- Exercise material -
>>>
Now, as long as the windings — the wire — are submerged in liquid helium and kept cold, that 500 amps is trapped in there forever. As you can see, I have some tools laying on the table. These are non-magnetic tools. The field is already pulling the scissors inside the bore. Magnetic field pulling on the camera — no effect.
<<<
>>>
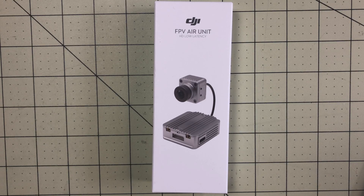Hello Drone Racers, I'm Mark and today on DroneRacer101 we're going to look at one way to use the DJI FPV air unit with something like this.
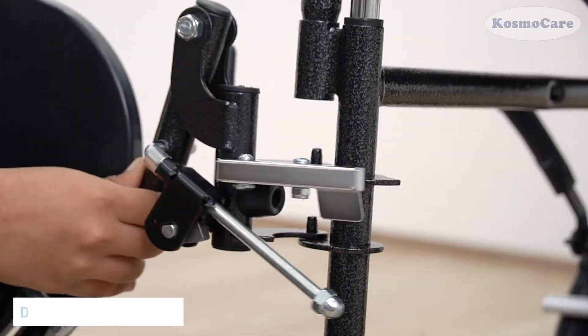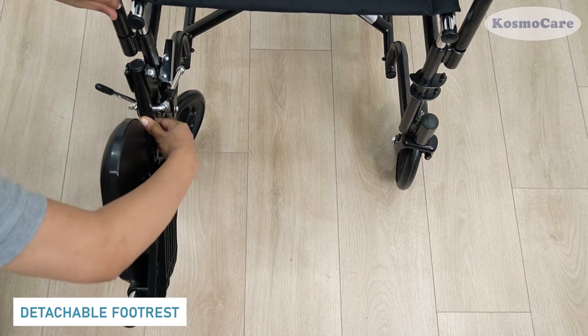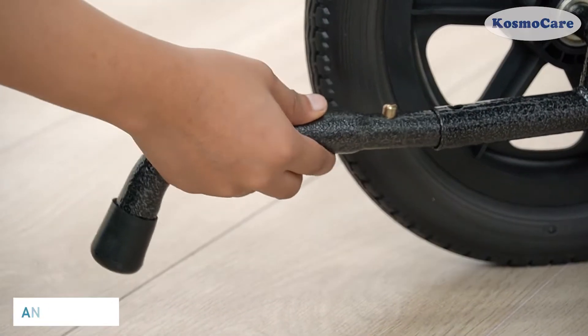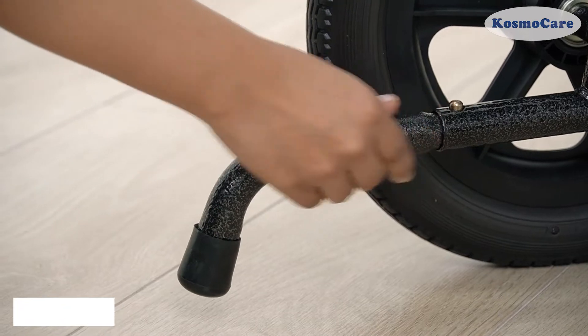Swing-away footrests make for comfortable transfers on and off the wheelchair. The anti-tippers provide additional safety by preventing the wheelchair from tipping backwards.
<<<
>>>
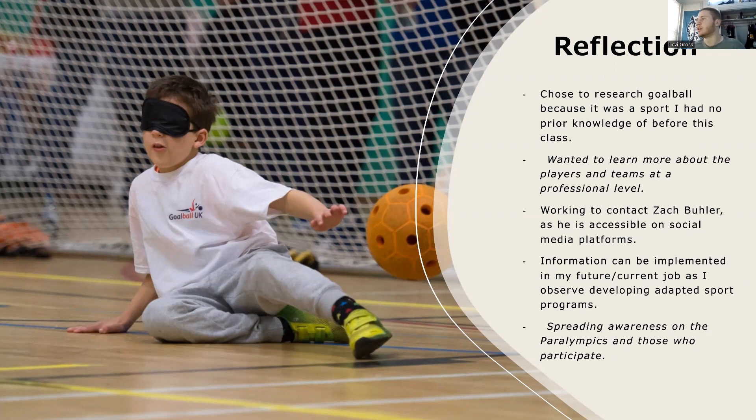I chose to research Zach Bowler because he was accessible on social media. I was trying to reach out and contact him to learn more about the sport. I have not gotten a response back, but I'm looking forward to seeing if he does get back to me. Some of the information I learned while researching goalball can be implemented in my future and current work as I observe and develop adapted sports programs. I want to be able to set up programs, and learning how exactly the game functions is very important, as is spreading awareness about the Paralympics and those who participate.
<<<
- What is being asked -
In the listing above, find the line containing "Hello Drone Racers, I'm" and the line containing "Swing-away footrests make", then write out both of them and every line between, exactly, with no pictures.

- Response -
Hello Drone Racers, I'm Mark and today on DroneRacer101 we're going to look at one way to use the DJI FPV air unit with something like this.
Swing-away footrests make for comfortable transfers on and off the wheelchair. The anti-tippers provide additional safety by preventing the wheelchair from tipping backwards.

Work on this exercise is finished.